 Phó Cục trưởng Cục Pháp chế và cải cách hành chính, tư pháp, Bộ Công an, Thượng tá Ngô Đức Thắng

---

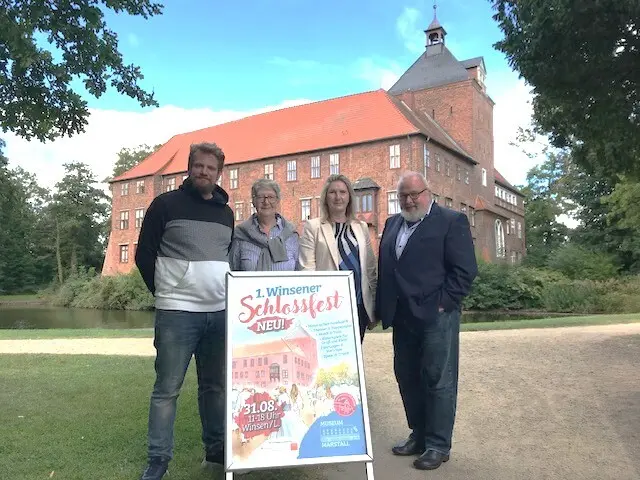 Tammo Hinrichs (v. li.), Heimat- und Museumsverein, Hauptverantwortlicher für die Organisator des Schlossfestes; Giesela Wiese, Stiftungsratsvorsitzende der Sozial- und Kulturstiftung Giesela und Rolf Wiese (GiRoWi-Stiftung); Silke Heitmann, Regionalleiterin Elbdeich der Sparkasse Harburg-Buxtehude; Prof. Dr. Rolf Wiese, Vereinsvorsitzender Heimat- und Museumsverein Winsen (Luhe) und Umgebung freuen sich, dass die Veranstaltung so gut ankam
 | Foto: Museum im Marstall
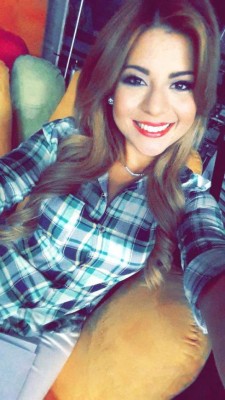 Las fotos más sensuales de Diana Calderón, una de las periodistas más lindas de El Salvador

### [Exercise brief]
Above are the records; return the lines in them from the one with "Museum im Marstall" to the one with "Las fotos más", inclusive, exactly and without images.

### [Written answer]
 | Foto: Museum im Marstall
 Las fotos más sensuales de Diana Calderón, una de las periodistas más lindas de El Salvador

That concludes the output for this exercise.